About 100,000 retired Minnesota public employees this year are getting the smallest percentage increase in their pensions since 1980.
But it’s hard to feel sorry when they’ve done very well over the past eight years, with a cumulative increase in benefits of 94 percent, compared to inflation growth of under 25 percent in the period. In addition, their benefits are subject to less risk than most of us face with our retirement plans.
Citizens rightfully should ask if the unique way public employee benefits are adjusted meets some broad public purpose of efficiency or fairness. It seems clear they don’t. And as state government grapples with its worst deficit in 20 years, it would be wise to take another look at these lopsided retirement plans.

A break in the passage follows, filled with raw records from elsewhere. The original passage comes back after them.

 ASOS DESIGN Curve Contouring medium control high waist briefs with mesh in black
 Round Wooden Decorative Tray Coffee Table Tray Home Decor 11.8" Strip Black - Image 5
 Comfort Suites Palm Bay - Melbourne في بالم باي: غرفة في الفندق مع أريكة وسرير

Pension plans come in two basic forms. A defined benefit plan provides guaranteed, post-retirement payments based on a formula that usually involves years of service, rank and earnings. Social Security is essentially a defined benefit plan, as are most older company pensions.
The second form is the defined contribution plan, in which the employer pays a stipulated amount or percentage of earnings into an investment plan on behalf of the employee. The amount that any eventual retiree can draw out depends on how much was paid in and on the performance of the investment. The most familiar examples are the 401(k) and 403(b) plans.

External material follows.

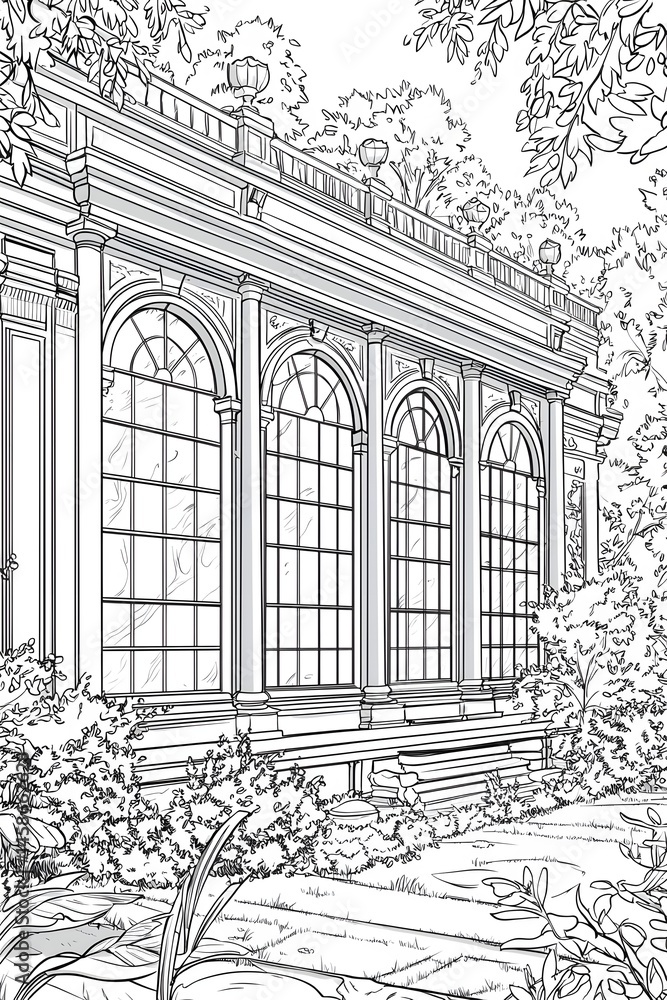 Fototapeta premium Detailed architectural outline of a garden pavilion Generative AI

The Minnesota public employees’ pension combines the best features of both, at least from the point of view of retirees. For taxpayers, however, it’s like being on the wrong side of the “heads I win, tails you lose” coin toss game.
For many government employees in Minnesota, the underlying plan is basically one with defined benefits. Work a certain number of years and you qualify for retirement at a certain percentage of your earnings. The government also guarantees an annual adjustment for inflation, up to 2.5 percent. This is not much different from what autoworkers or federal civil service workers are offered.

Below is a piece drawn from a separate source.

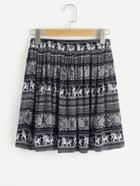 Romwe Elastic Waist Mixed Print Circle Skirt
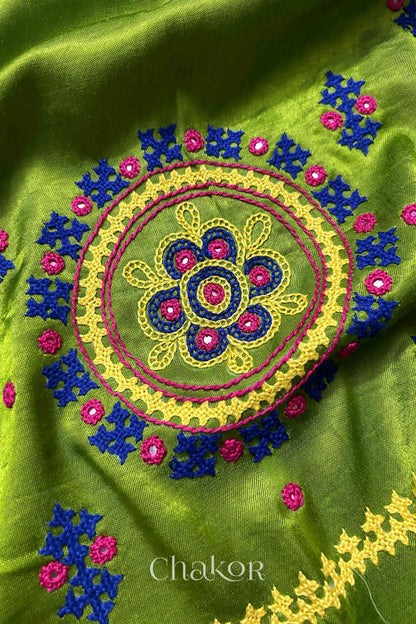 Parrot Mashru Embroidered Blouse Material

But there’s a kicker. The state, and some local governments, pays a portion of their payrolls into a fund invested by the State Board of Investment. If the investment returns are high, plan managers can increase pensions proportionately for everyone.
However, if the market is bad and investment returns are low, retirees do not run any risk of pension reduction. Governments — and by extension taxpayers — are liable for any deficiency.
Heads I win, tails you lose.
Let me make clear that this is not an anti-public employee rant. Most employers pay workers with a combination of cash and non-cash compensation, such as pensions. If an employer reduces the attractiveness of a pension plan, it may have to increase cash wages. So the fact that many public employees in Minnesota benefit from a pension scheme in which there’s little risk doesn’t necessarily mean that they are overcompensated.
But the fact that this particular hybrid of defined benefit and defined contribution plans exists poses some interesting economic questions. Is the arrangement economically efficient? Does it get the state a better mix of labor quality and quantity than more conventional plans or, for instance, better cash compensation?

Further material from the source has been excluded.